Mazelen

 Laatste update 2017

>> DE ZIEKTE


Het mazelenvirus is één van de meest besmettelijke die er zijn. De aandoening komt dan ook bijna altijd voor in epidemies, vaak met een opflakkering om de twee, drie jaar. De besmetting gebeurt langs speeksel en neusslijm. De eerste symptomen ontstaan pas een tiental dagen na de eigenlijke besmetting. Eerst merkt men een ontsteking van de oogvliezen, gepaard met overgevoeligheid voor licht. Intussen komen ook de koorts en vaak hoofdpijn opzetten, en ook tekens van neusverkoudheid en hoesten. Net voor de uitslag uitbreekt kan men kleine witte vlekjes opmerken op de binnenkant van de wangen. De typische uitslag begint meestal achter de oren, om zich vervolgens te verspreiden over gezicht, romp, armen en benen. Men merkt roze vlekjes die verdwijnen als men er op drukt. Wanneer na een vijftal dagen de uitslag verdwijnt is de huid vaak wat schilferig.


Er zijn bij mazelen een aantal verwikkelingen mogelijk, waarvan sommige zeer ernstig zijn. Desondanks verloopt de ziekte meestal zonder problemen, en wordt in medische handboeken de vooruitzichten voor een mazelenpatiënt als uitstekend beschreven. Na doormaken van de ziekte is de bescherming hiertegen levenslang. 


Zoals gezegd wordt de ziekte door sommigen erg gevreesd omwille van de verwikkelingen. We zullen hier even op doorgaan.

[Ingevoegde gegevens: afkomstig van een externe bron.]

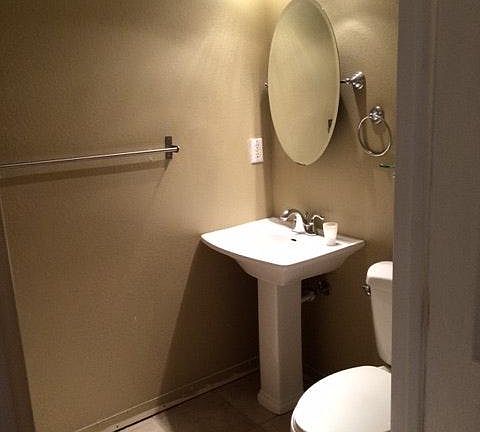 Basement bathroom w/shower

De zieke kan diarree krijgen en buikpijn, of ontsteking van het strottenhoofd. Iemand die tuberculose gehad heeft kan een opflakkering krijgen na mazelen.


Een longontsteking kan optreden, meestal niet veroorzaakt door het mazelenvirus, maar door bacteriën die profiteren van de zwakte van de patiënt. 

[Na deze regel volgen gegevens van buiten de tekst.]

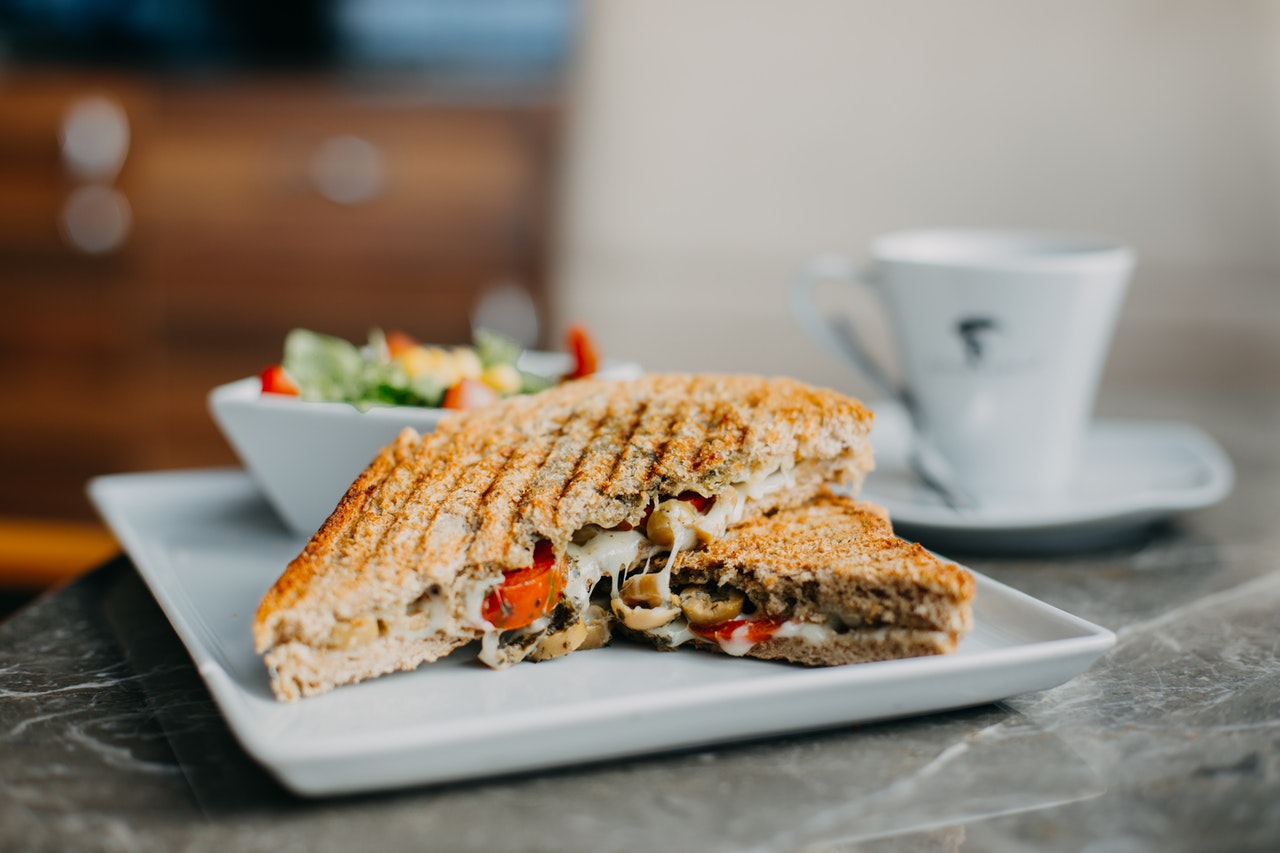 Sari peste micul dejun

Het meest is men echter beducht voor een mogelijke hersenvliesontsteking. Over de vraag hoe vaak deze verwikkeling voorkomt, bestaat veel discussie. De cijfers schommelen tussen 1,5/1.000 tot 4/100.000. Bij discussies hieromtrent komt men steevast met het onjuiste cijfer 1 per 1.000 op de proppen. Van wie deze hersenontsteking oploopt, sterft ongeveer 10% (cijfers tussen 6 en 30 %). Van de overlevenden zou 15 à 40% blijvende hersenletsels oplopen (cijfers tussen 15 en 50%).


De zware gevolgen ervan bestaan uit coma, blindheid en stuipen. Het is duidelijk dat het risico op hersenontsteking door mazelen toeneemt met de leeftijd. Vooral vanaf tien jaar is er een duidelijk groter risico.


Een zeer zeldzame (7 à 300 per miljoen besmettingen) maar bijzonder zware verwikkeling van mazelen is de zogenaamde SSPE, een aantasting van de hersenen die zeer langzaam maar fataal verloopt. Deze ziekte komt vooral voor bij jongens, in het zuidoosten van de VS.

Koortsstuipen bij mazelen werden vastgesteld bij 5 à 10/1.000.

Luchtweginfecties worden vastgesteld bij 45 per 1.000 gevallen, middenoorontsteking bij 5 à 10%.

Het sterftecijfer ligt rond 1,5 à 2,2 per 10.000, waarbij het meeste slachtoffers te vinden zijn tijdens het eerste levensjaar, of na 15 jaar.


Al deze gegevens op een rijtje klinken erg akelig en riskant. Nochtans moeten deze cijfers op hun juiste waarde geschat worden. 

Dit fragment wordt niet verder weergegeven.